# THE RECORDS
++++

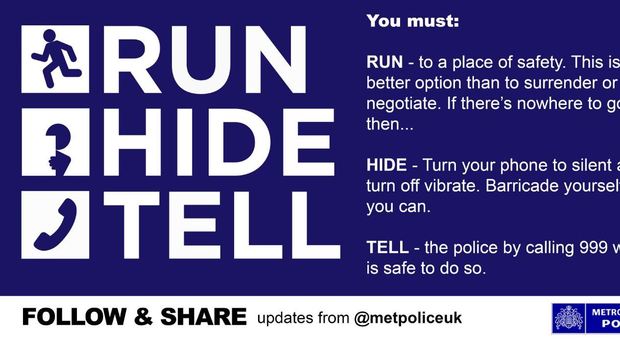 "Scappate e nascondetevi", il tweet della polizia di Londra dopo l'attentato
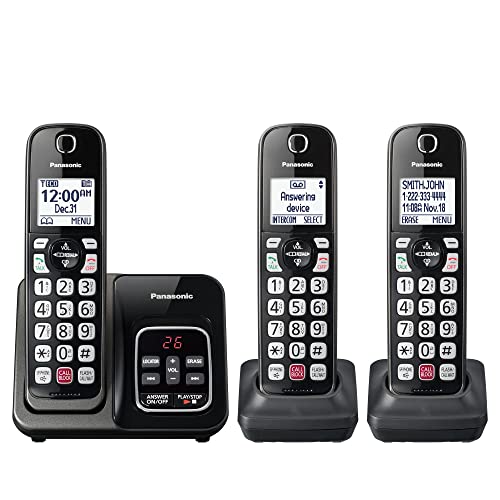 Panasonic Cordless Expandable Phone System with Answering Machine, 3 Handsets, Metallic Black
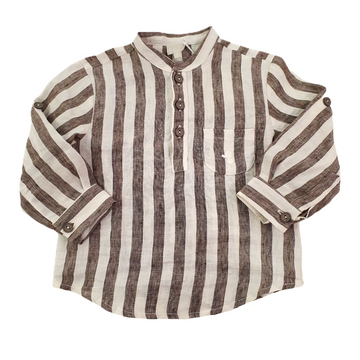 Camicia coreana bimbo a righe in puro lino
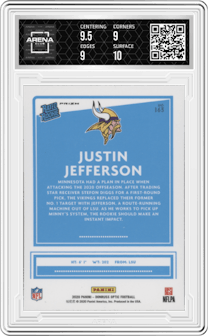 Justin Jefferson from the 2020 Panini Donruss Optic set featuring a Holo parallel graded by Arena Club and given an overall grade of 9.5.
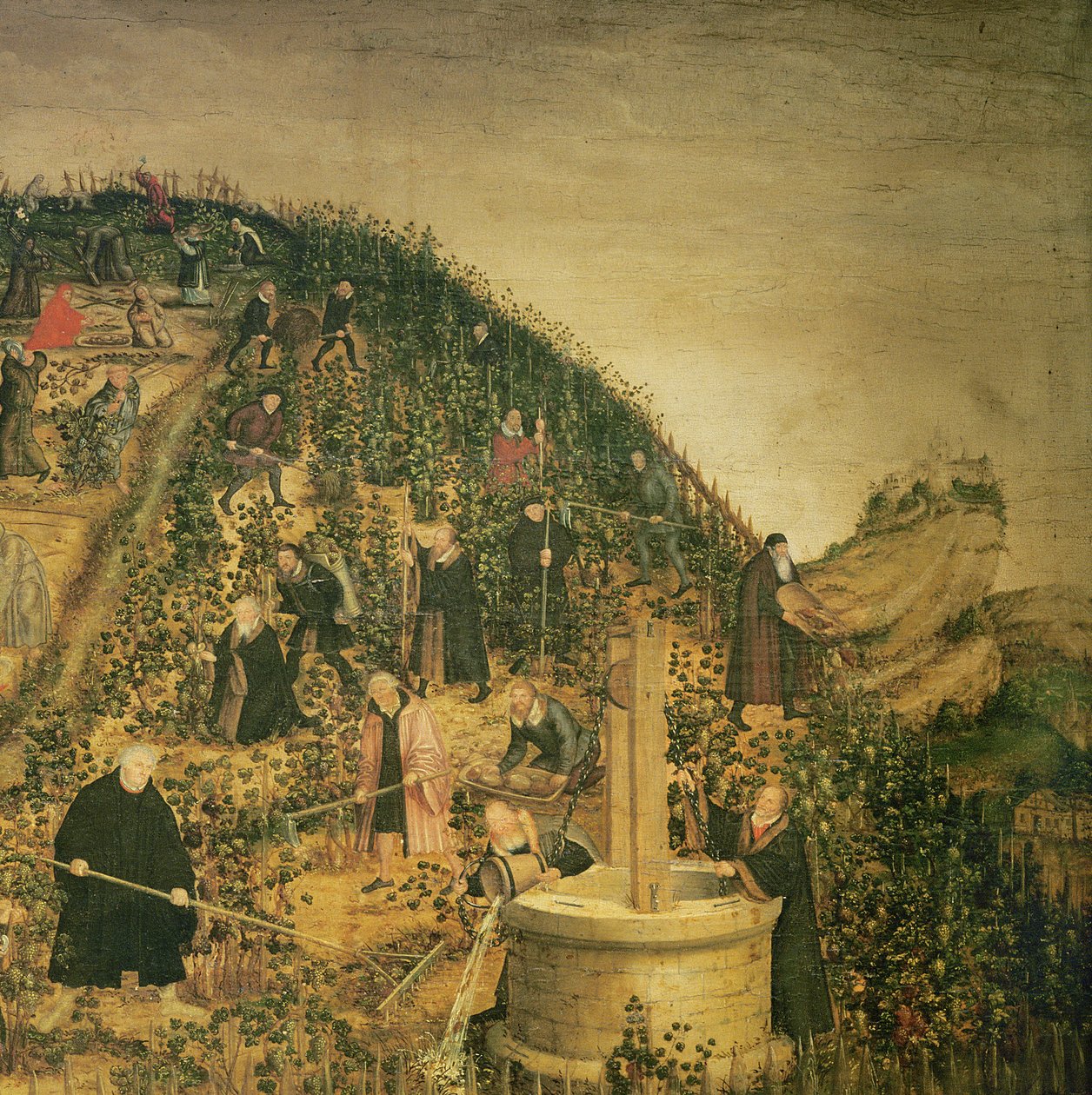 Herrens vingård, 1569 (detalj av 330498) av Lucas Cranach the Younger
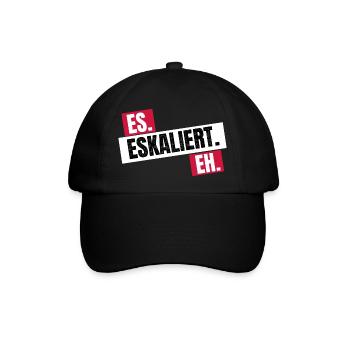 Es Eskaliert Eh Mallorca - Malle Party - Baseballkappe - Schwarz/Schwarz - Vorne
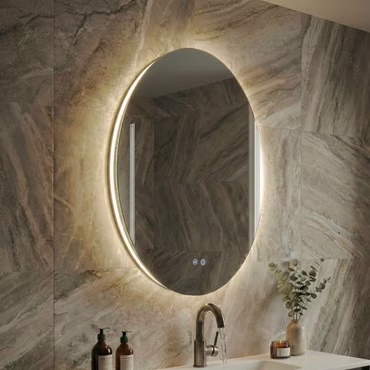 Aloni LED Bad WC Spiegel rund Omega Ø 80 cm beheizt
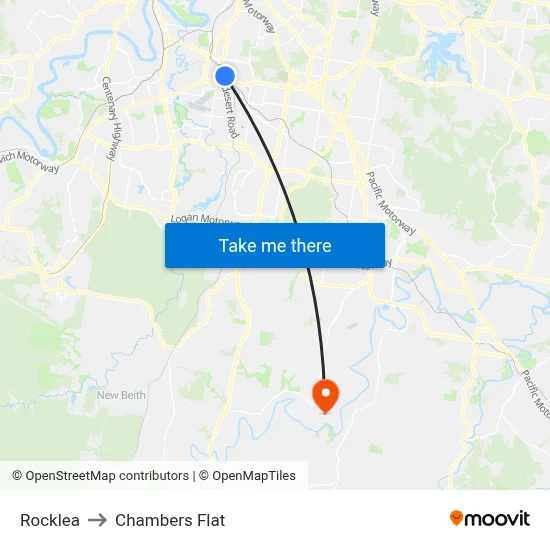 Rocklea to Chambers Flat map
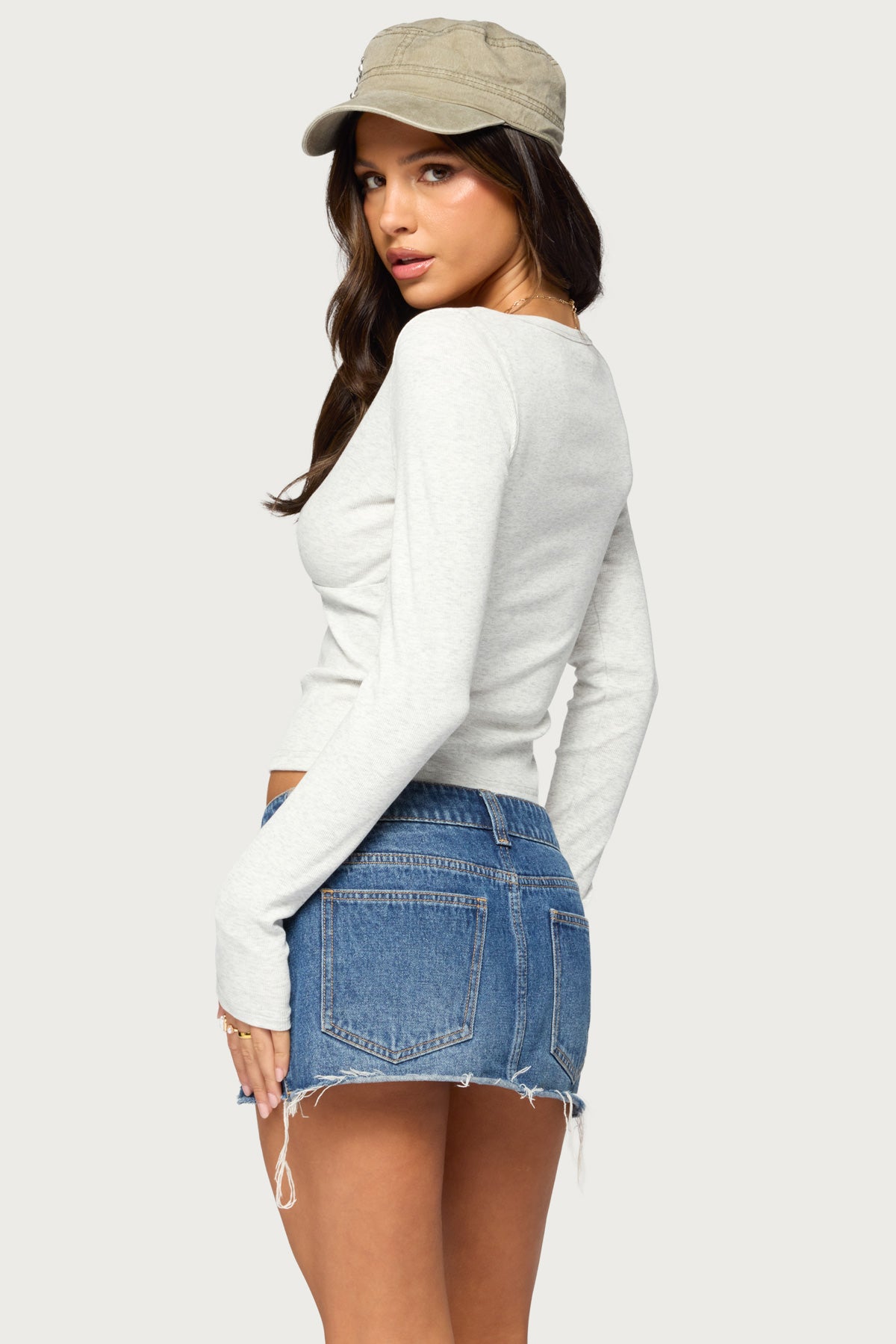 Nogi Overlap V Neck Long Sleeve Top - LIGHT-GRAY-MELANGE
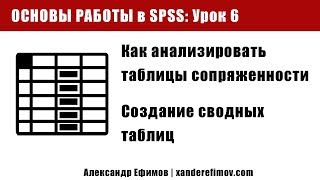Основы SPSS Statistics. Урок 6. Анализ таблиц сопряженности Основы SPSS Statistics. Урок 6. Анализ таблиц сопряженности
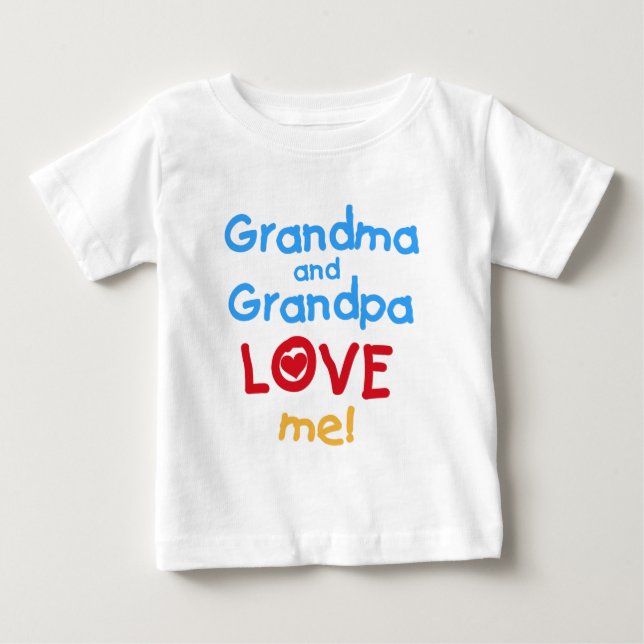T-shirt Pour Bébé Mémé et Papi m'aiment (Devant)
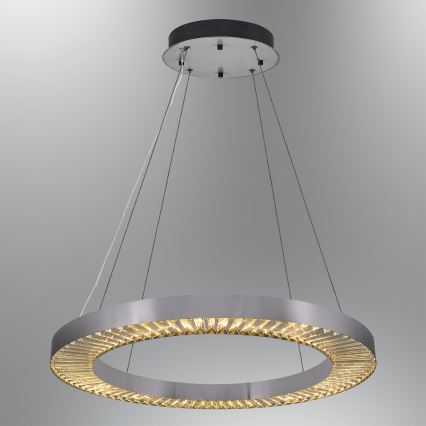 LED Ljuskrona på sladd JESI LED/85W/230V 3000K pr. 80 cm silver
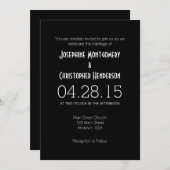 Schwarz-weiße Einladung zur Hochzeit (Vorne/Hinten)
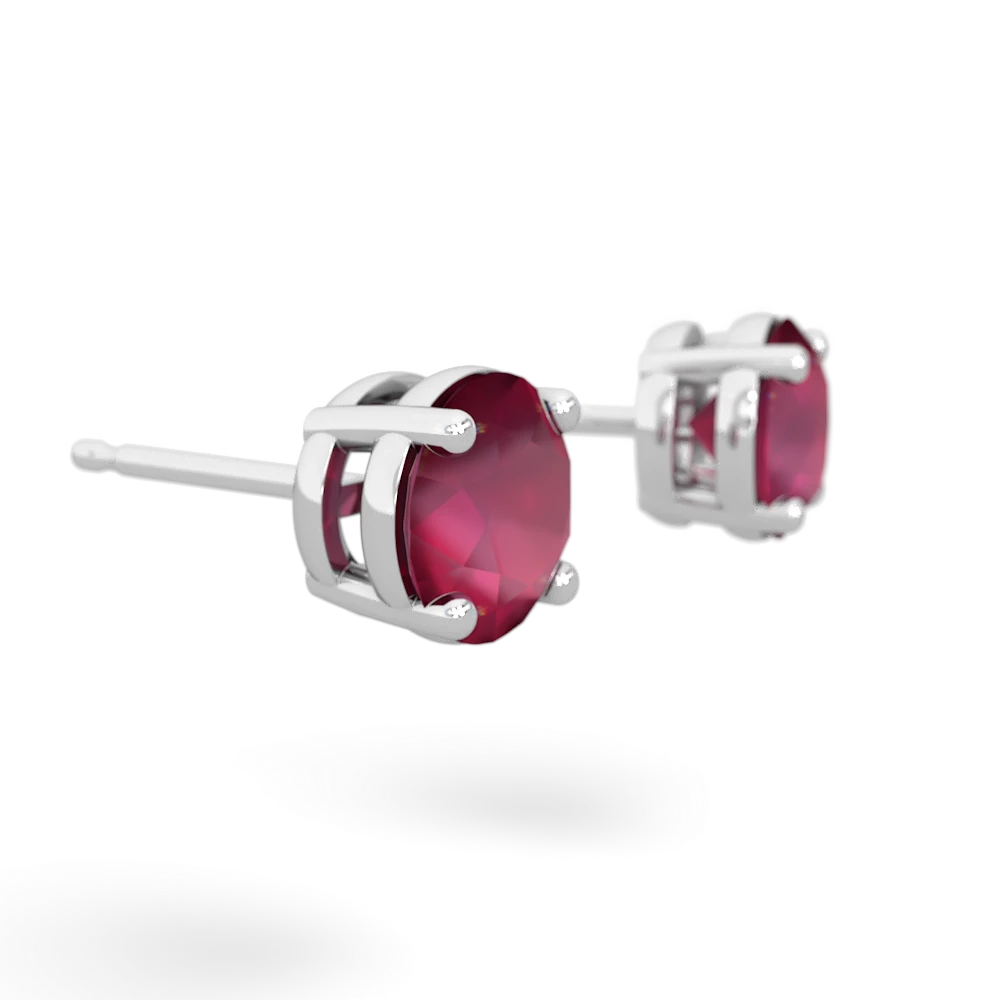 Ruby 6Mm Round Stud 14K White Gold earrings E1786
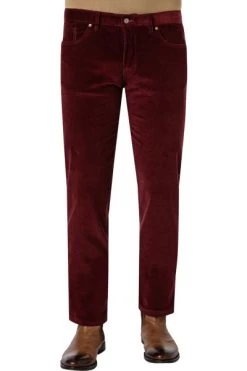 Hose Parker, Regular Fit, Cord, Weinrot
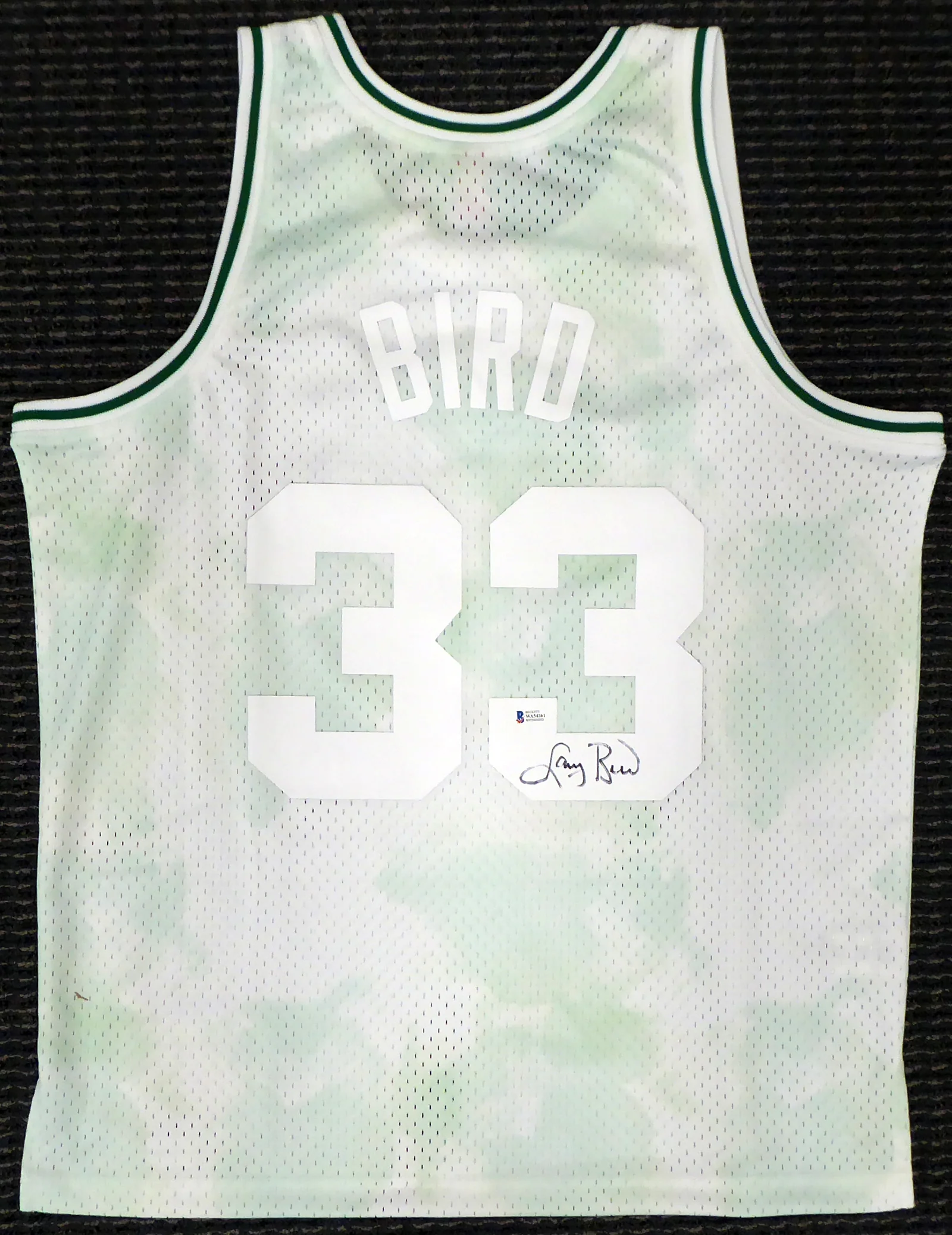 Boston Celtics Larry Bird Autographed Authentic Cloudy Skies Mitchell & Ness Jersey Beckett BAS #WA54261 - Image 2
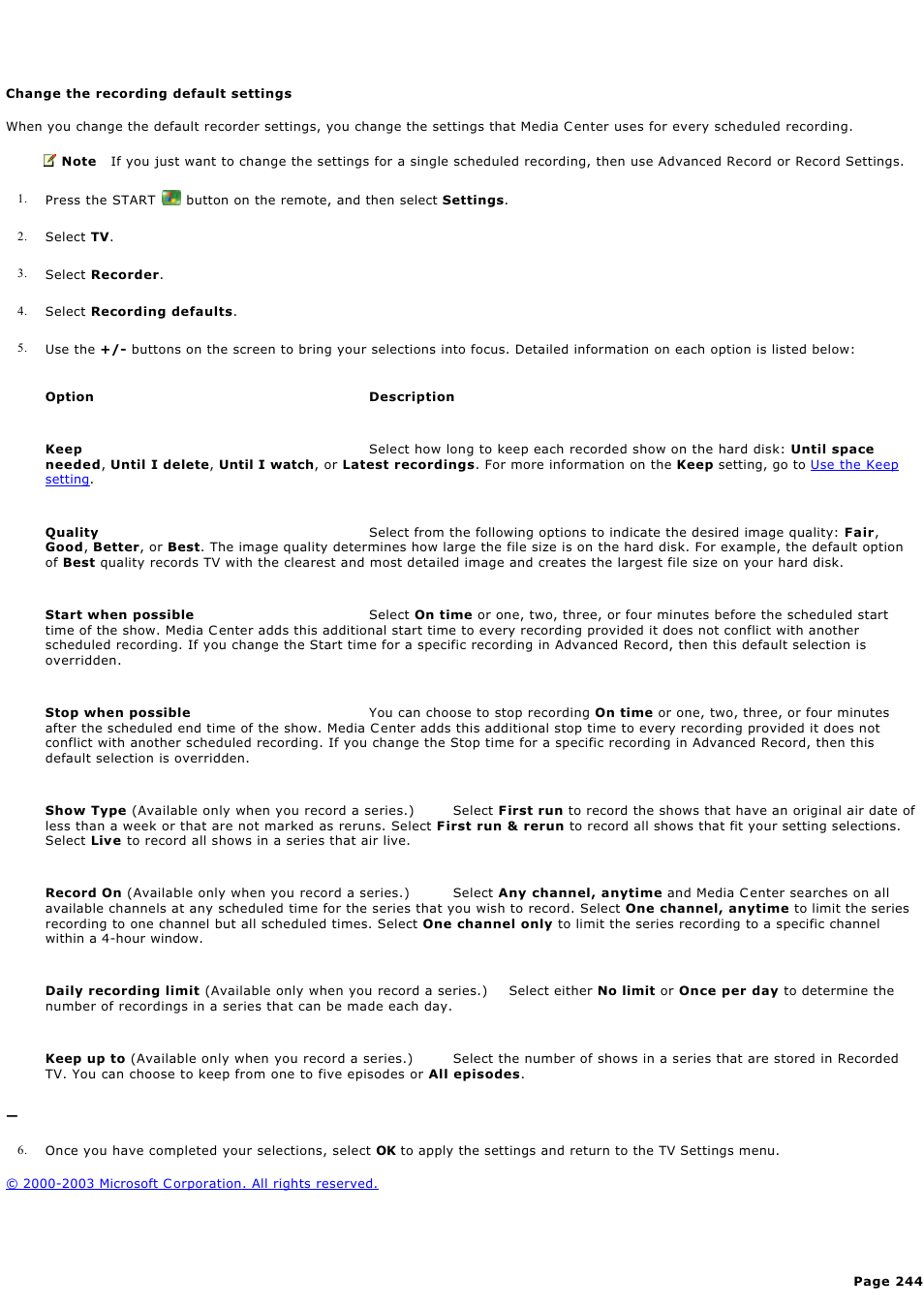 Change the recording default settings | Sony PCV-RZ49G User Manual | Page 244 / 459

++++

Take the line that contains "T-shirt Pour Bébé" as the first and the last line of the records as the end, and please quote those lines exactly, pictures omitted.

# EXPECTED ANSWER
T-shirt Pour Bébé Mémé et Papi m'aiment (Devant)
 LED Ljuskrona på sladd JESI LED/85W/230V 3000K pr. 80 cm silver
 Schwarz-weiße Einladung zur Hochzeit (Vorne/Hinten)
 Ruby 6Mm Round Stud 14K White Gold earrings E1786
 Hose Parker, Regular Fit, Cord, Weinrot
 Boston Celtics Larry Bird Autographed Authentic Cloudy Skies Mitchell & Ness Jersey Beckett BAS #WA54261 - Image 2
 Change the recording default settings | Sony PCV-RZ49G User Manual | Page 244 / 459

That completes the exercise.